Un editor es un cómplice. A veces. Hasta hace unos años, cada vez que pasaba por El cuenco, tomaba café con él y nos contábamos lecturas. O hablábamos de los absurdos que a veces se generan en torno a la literatura. Como el día en que una lectora devolvió un ejemplar de Muerta de hambre porque le parecía indigno de su biblioteca. Me viene la voz de Edgardo entre carcajadas. Llamando para decir Fernanda, esto es genial, tenés que venir. Hay una lectora que te detesta. Parecía una continuación de la trama de mi novela. Un anexo del Anexo. La gente asume actitudes acordes con el estilo de lo que lee. Y entonces, los dos, disfrutamos observando la cartita como niños en plena travesura. Me traje el sobre y aún lo tengo. La firmante decía vivir en la calle Calderón de la Barca.
Busco mails y lo encuentro organizando cómo llevar el vino para presentar mi novela La piel dura, haciendo de agente de prensa, o mandándome la dirección y el teléfono de Rita Gombrowicz para que la visitara en París. Edgardo sabía de mi debilidad por el polaco y su cosmos. También conservo un par de obras de Copi que me envió antes de publicarlas: La torre de la defensa y La noche de Madame Lucienne. Subrayadas, aún con correcciones en proceso. Pequeñas piezas que dan cuenta de su modo de ser editor.
Su afán por compartir lo que había encontrado era su motor. Está lleno de canutos que esconden tesoros para disfrutar en soledad. Onanistas. No era el caso. Si no hubiera tenido capital, Edgardo habría fotocopiado. Porque primero era lector. No sé si exquisito. Leí esa palabra en los últimos días por todos lados. Era incontenible, incorrecto, obsesivo.
Escribía con su catálogo. La obra de un editor se construye por imantación. Hace unos días alguien mencionaba que gracias a sus conocimientos sobre derechos de autor, Russo había logrado publicar sin autorización a Felisberto Hernández y a Copi, sorteando a viudas e hijos. No quedaba claro si era un reclamo o un elogio. De quién es el libro cuando uno muere. De quien necesita leerlo, digo. Muerto el perro se contagia la rabia. Sino, el perro muere dos veces.
La última vez que nos vimos, nos comportamos como dos extraños. Fue en la Embajada de Francia. Edgardo acompañaba a Marie Darrieussecq. Eramos pocos a la mesa. Yo había publicado varios libros fuera de El cuenco de Plata, nuestro vínculo se había enfriado.

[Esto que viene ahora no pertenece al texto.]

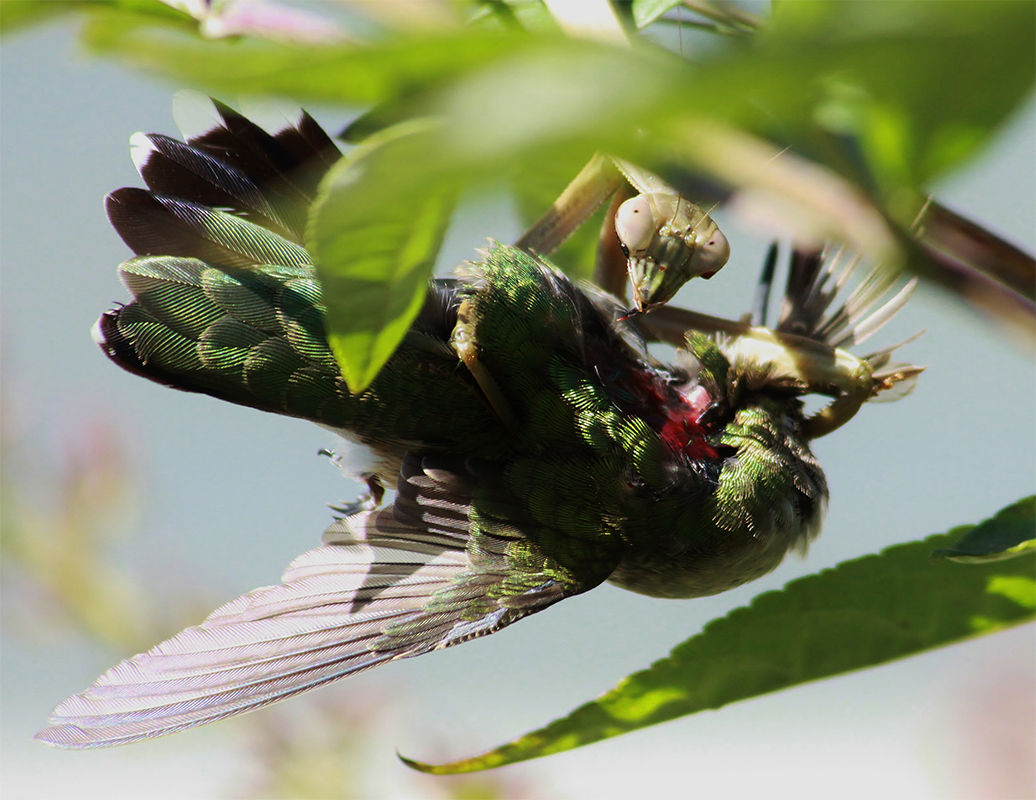 Praying Mantis Diet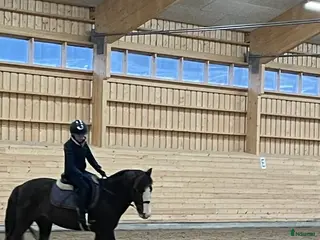 medryttarhäst sökes: Ponny sökes till seriös medryttare - Annons 8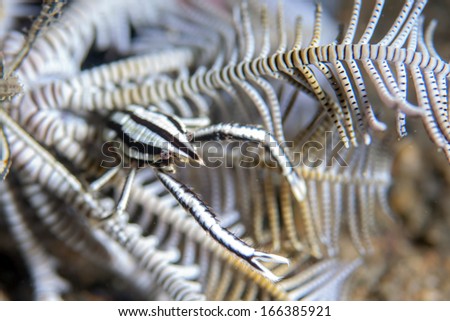 Feather star (Crinoid) _Sea lily and co-living Crab (Periclimenes sp.)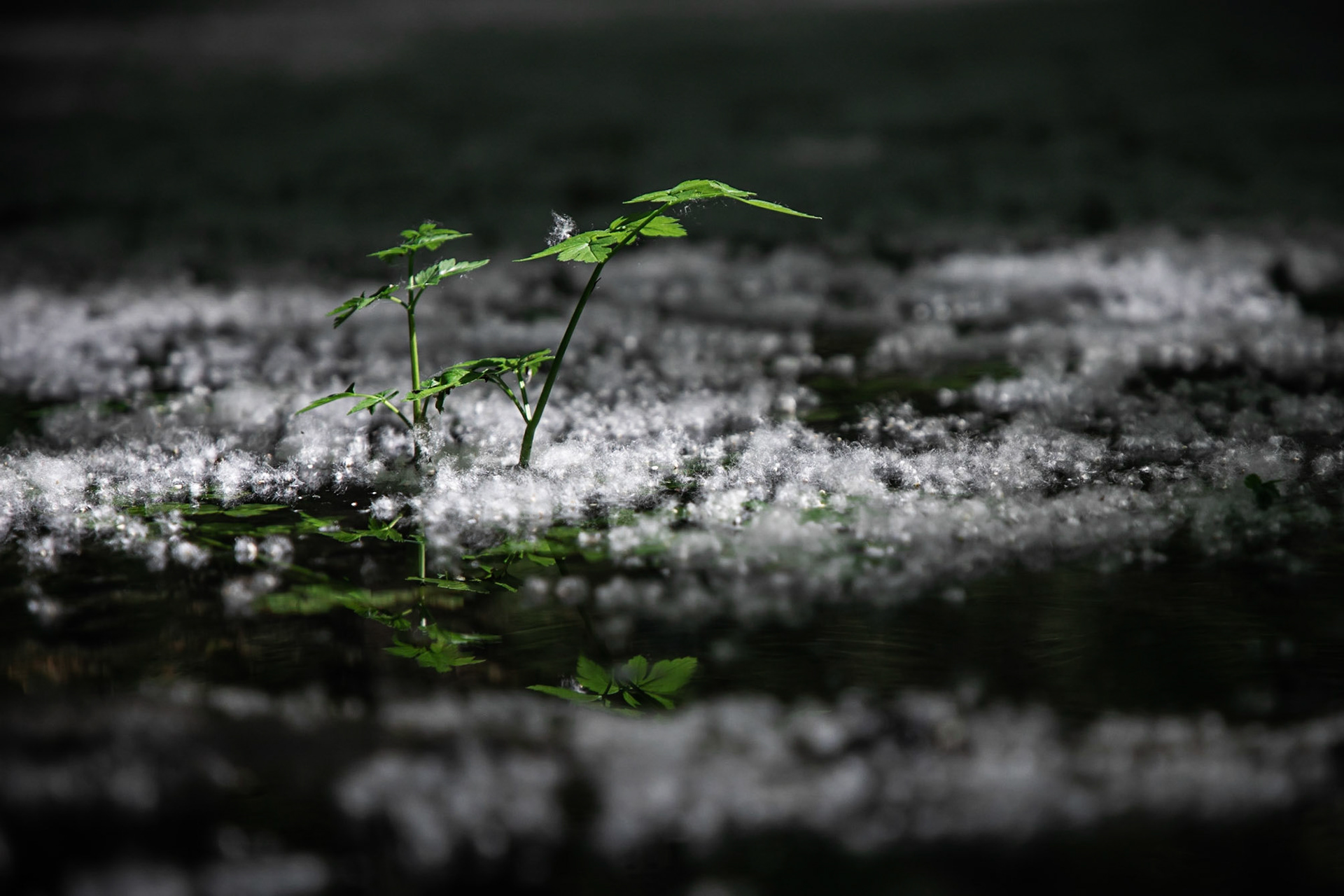 A plant emerged from the bottom of a stream pushing past recently dropped cottonwood seeds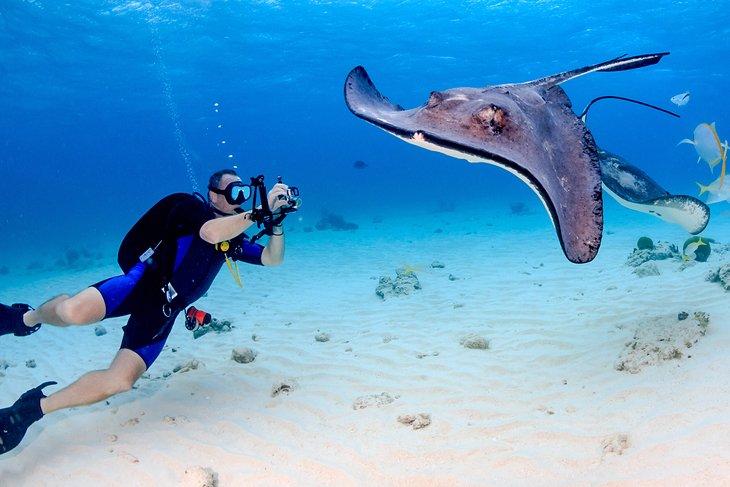 Taucher fotografiert einen Stachelrochen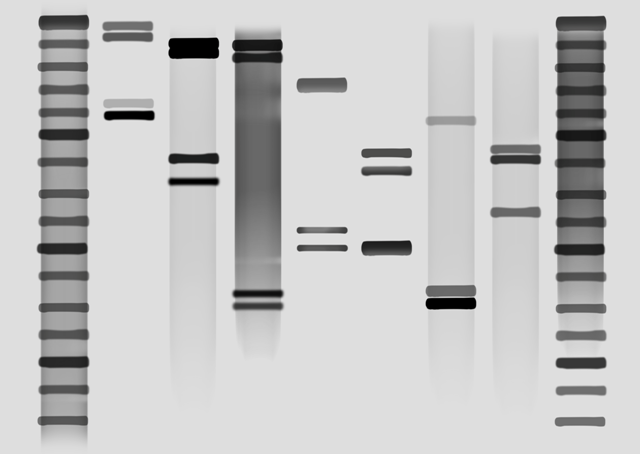 DNA-OBRAZY.CZ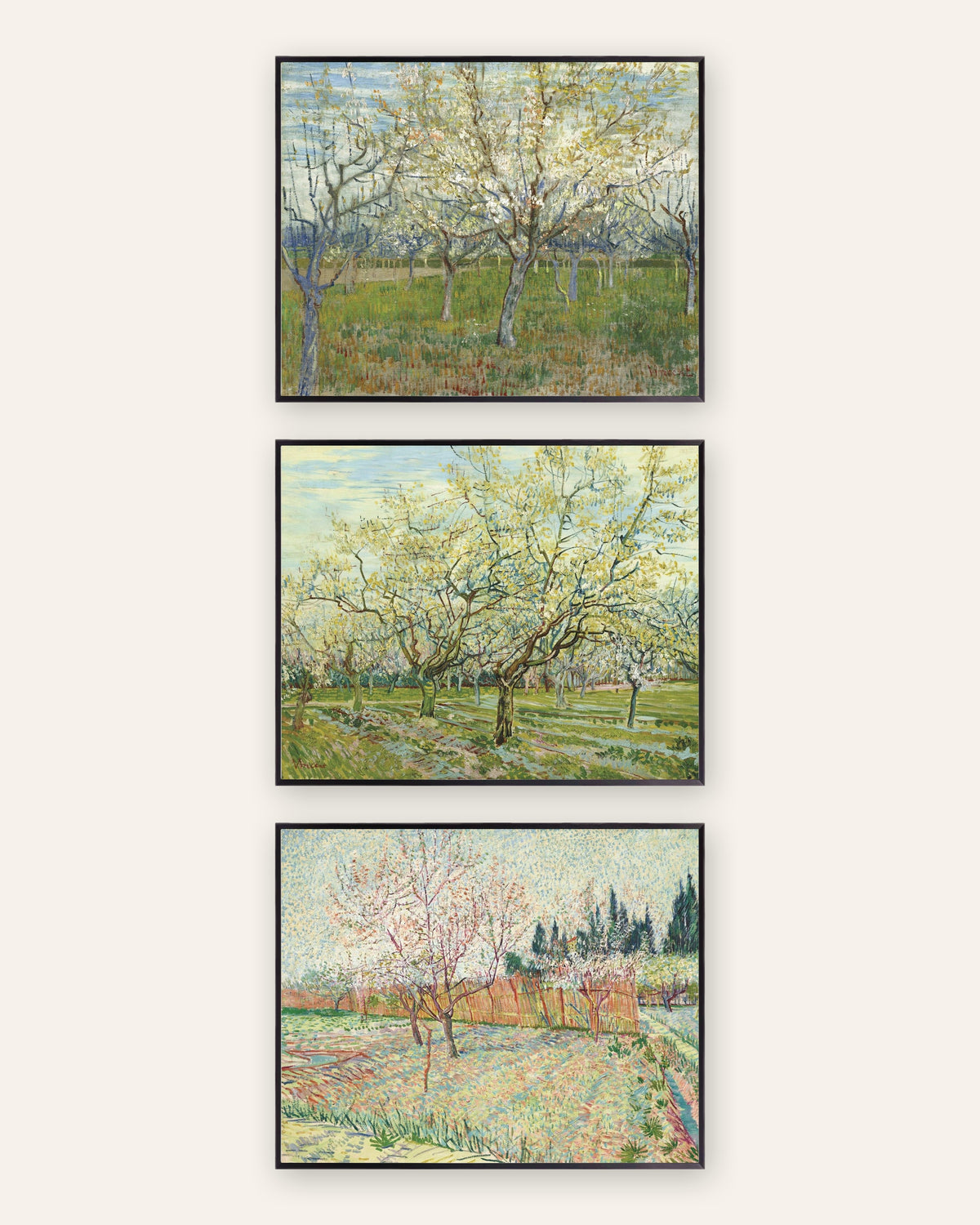 Van Gogh-posters med blommande fruktträdgårdar, set med 3: rosa, vit och med cypresser, i svarta metallramar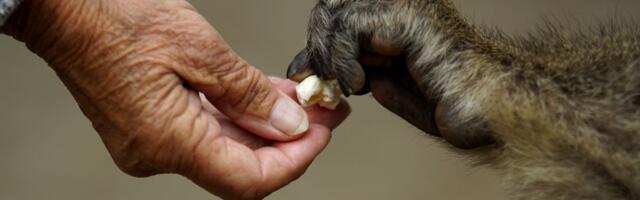 Šimpanza prepoznala svog spasioca: Dirljiv ZAGRLJAJ ČOVEKA I MAJMUNA na obali reke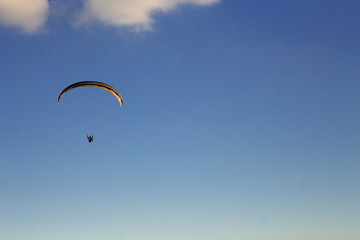 Paraglider flies in the blue sky.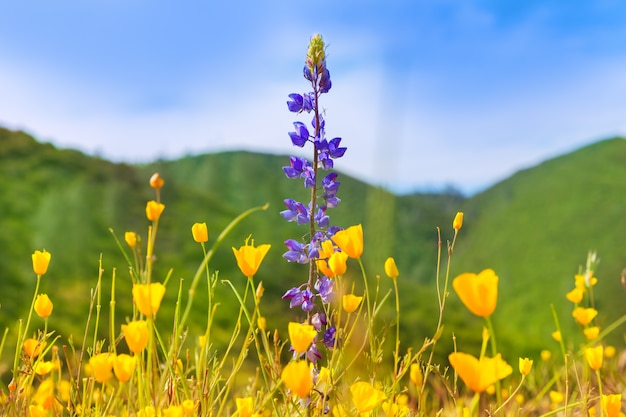 Pavot, fleurs, pavot jaune, ouest, californie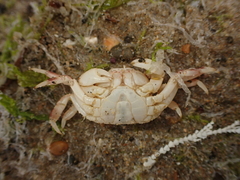 Hemigrapsus crenulatus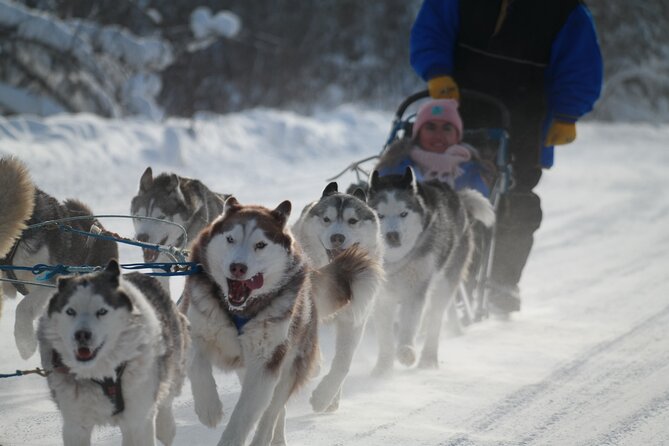 Husky Dog Sledding & Mushing With Pick up and Photo Service in Fairbanks, Alaska - Participant Reviews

Sin embargo, cruzamos una mirada en un momento. Habíamos pescado a la vez un disparate que se produjo en la conversación. Supuse que tendríamos ocasión de volver a encontrarnos. No fue así. Y me toca escribir esto.
A modo de contra rezo, de herejía contra la solemnidad y los buenos modales, va el final de La noche de Madame Lucienne que él me regaló. No queda otra. Hay que saber hacer mutis por el foro:
—¡Se acabó el teatro! ¡Se acabaron los vestidos hermosos y las coronas de strass, se acabaron las cabezas de compañía y las artistas de variedades, los culos postizos y las pestañas postizas, se acabaron los directores, sus amantes y sus queridas, se acabaron las marionetas sifilíticas, los telones rojos y las pelucas verdes, se acabaron los dramas, las comedias y las tragedias, se acabaron los decorados y los haces de luz! ¡El teatro se ha acabado!